То же самое происходит со временем – его, по сути, никогда нет в прежнем обличье, в любой свой миг оно уже другое, и все, что помещается в «пространство» данного времени также всегда и постоянно другое. Таким образом, непостоянство и изменчивость – это главные характеристики времени. Но мы замечаем время только тогда, когда оно облекается в нечто конкретное, материально очевидное – человеческую жизнь, историю земной цивилизации, историю Вселенной, в конце концов. (Последнее утверждение носит несколько безумный характер, так как для того, чтобы видеть и понимать историю Вселенной, необходим некто иной, чем сам человек. Скорее всего, Бог и есть главный зритель истории живой и неживой материи.)

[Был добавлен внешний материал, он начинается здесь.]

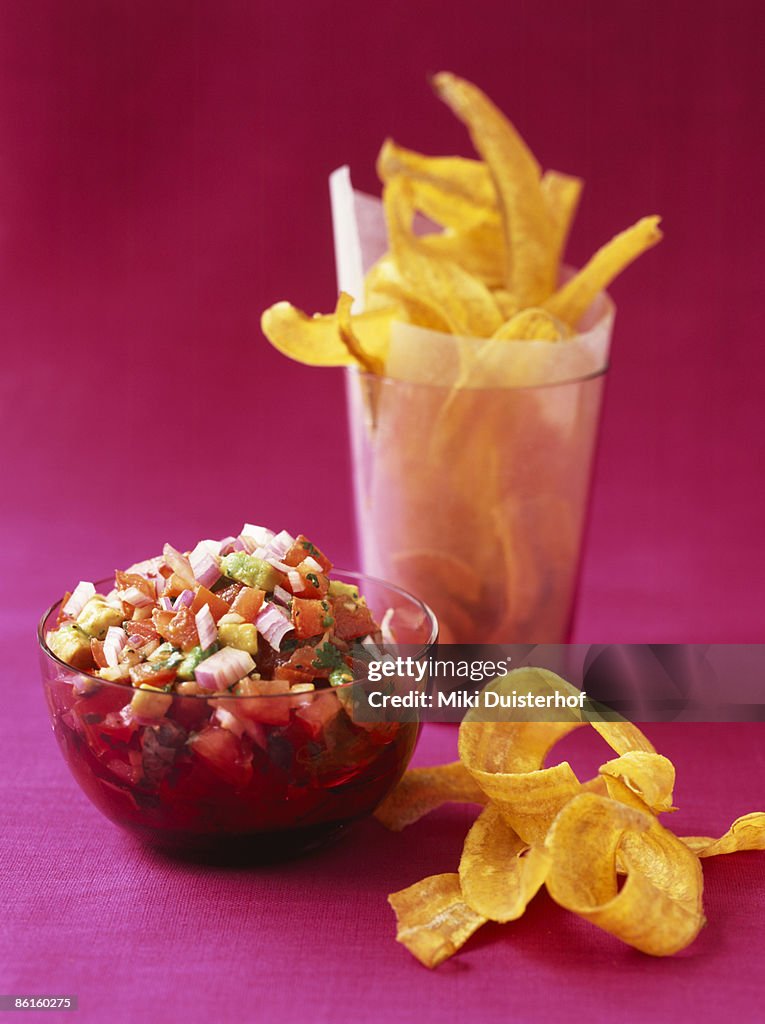 Banana chips with tomato and avocado salsa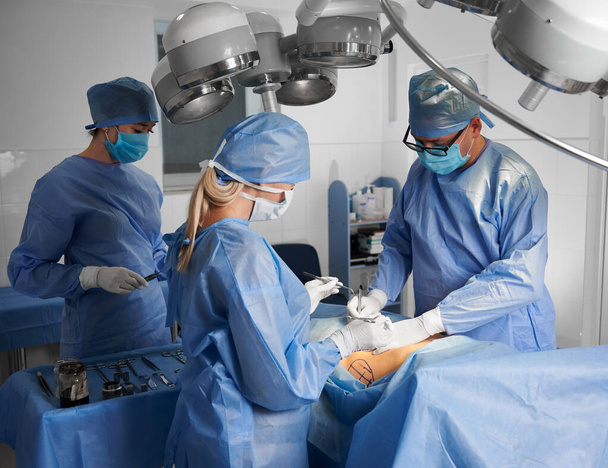 Orvosok csoportja kék sebészeti egyenruhában, akik kozmetikai műtétet végeznek a műtőben. A sebész csapat védőmaszkot, steril kesztyűt és orvosi sapkát visel. A plasztikai sebészet fogalma. - Fotó, kép
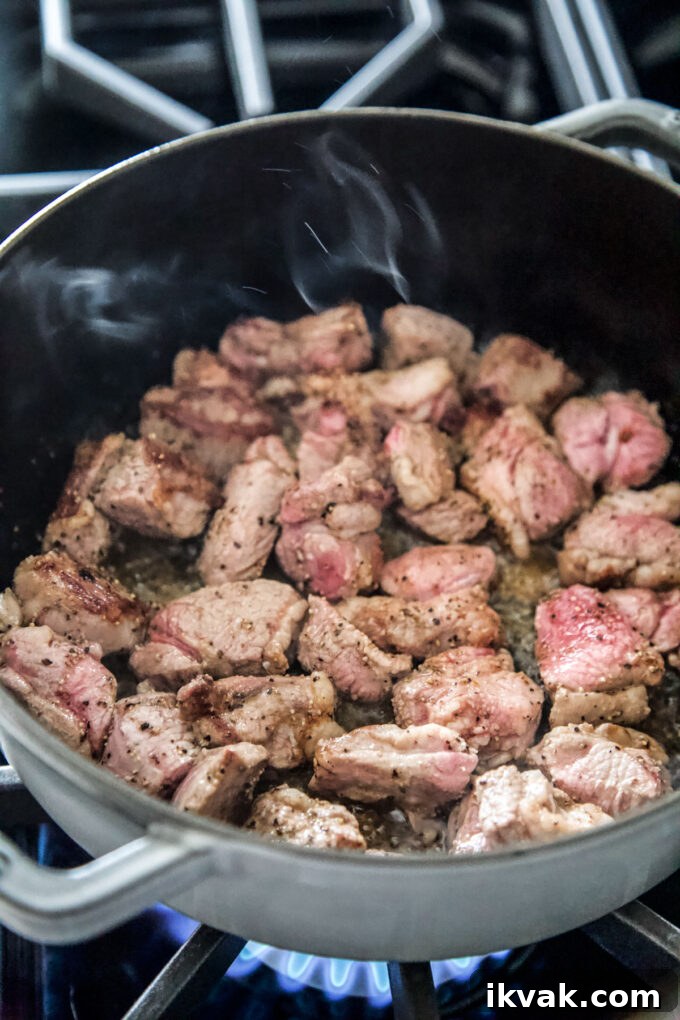 lamb shoulder simmering in a pot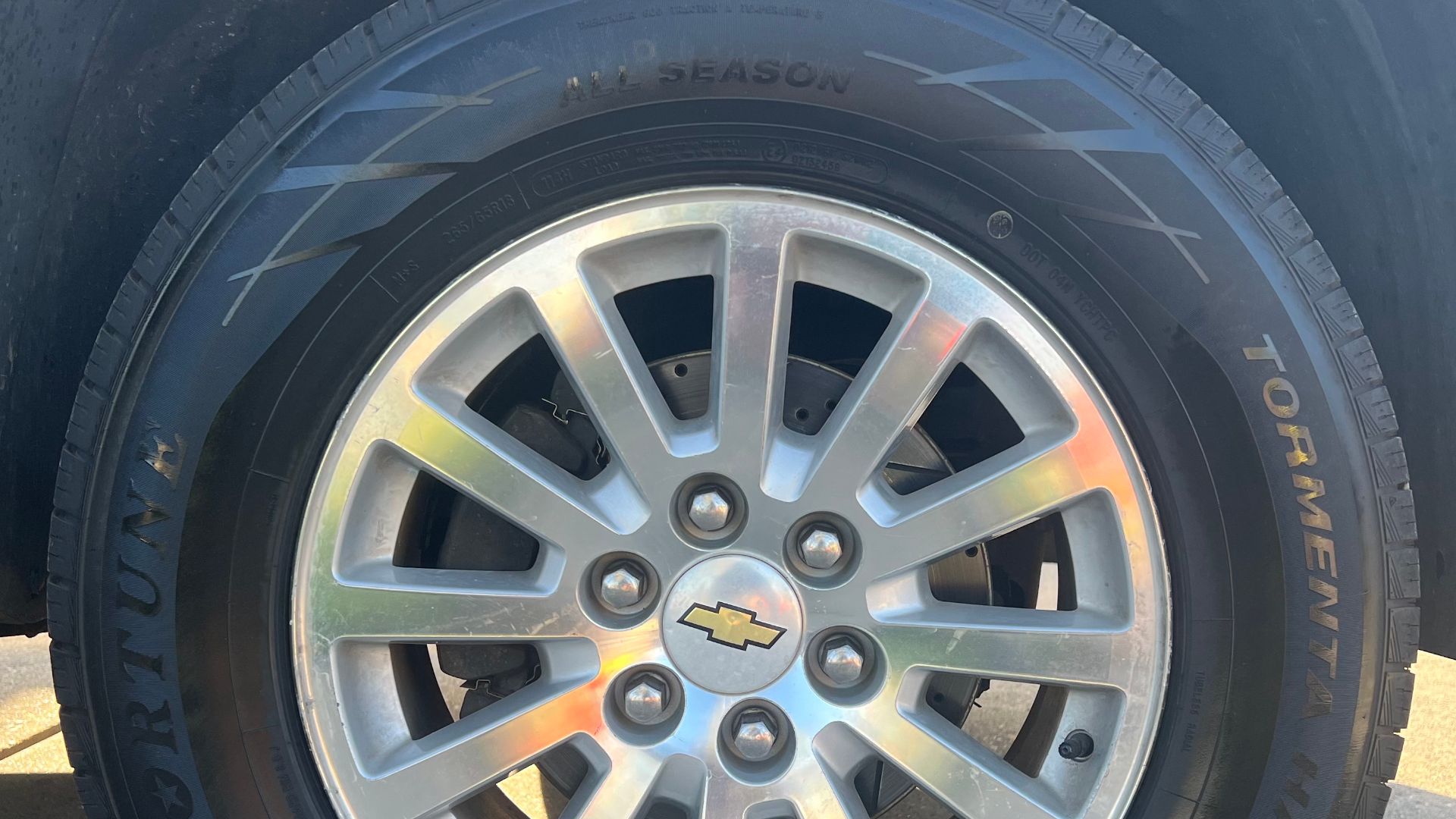 A Chevrolet wheel with a Fortune Tormenta H/T All Season tire.
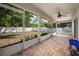 Screened-in patio boasts brick pavers and a ceiling fan for outdoor relaxation and enjoyment at 1253 Bramley Ln, Deland, FL 32720
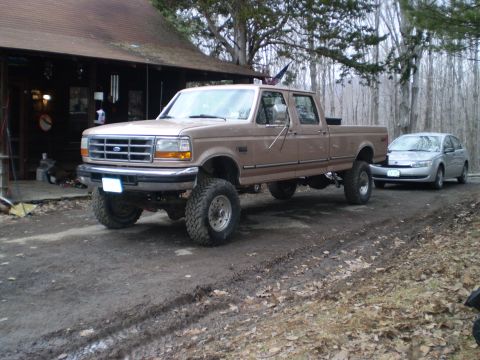 1979 Ford Bronco - Tan Ford F-Series pickup truck with large tires parked outside a cabin, a silver sedan is visible in the background.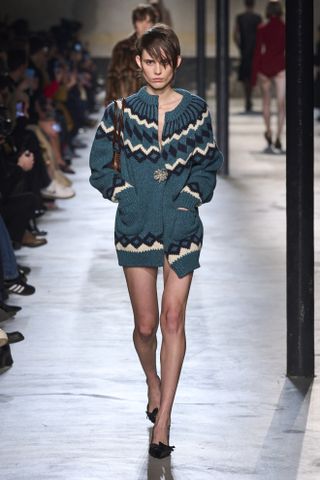 Woman in Fair Isle cardigan on runway.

Рассмотрим материальное воплощение времени на примере как раз человеческой отдельной жизни. Точнее говоря, на примере развития и угасания живого организма человека, который зарождается удивительно сложным образом из мельчайших элементов жизнедеятельности других живых существ и в финале распадается на мельчайшие частицы неживой материи, которые прекращаются в итоге в почву, становятся набором атомов самого разного рода, в которых не будет никакого намека на то сложное целостное явление человеческого организма, какое – в ничтожное с точки зрения вечности время – развилось в избыточно сложное существо. Существо, от которого в итоге ничего не остается в физическом смысле, кроме соединения разных элементарных частиц, какие в равной степени могут принадлежать птице, бабочке, собаке, любому другому явлению жизни, которые, подобно человеку, прошли свой временной путь от зарождения, развития до исчезновения, до небытия в абсолютном виде, – как соединение атомов и молекул неорганической природы[7].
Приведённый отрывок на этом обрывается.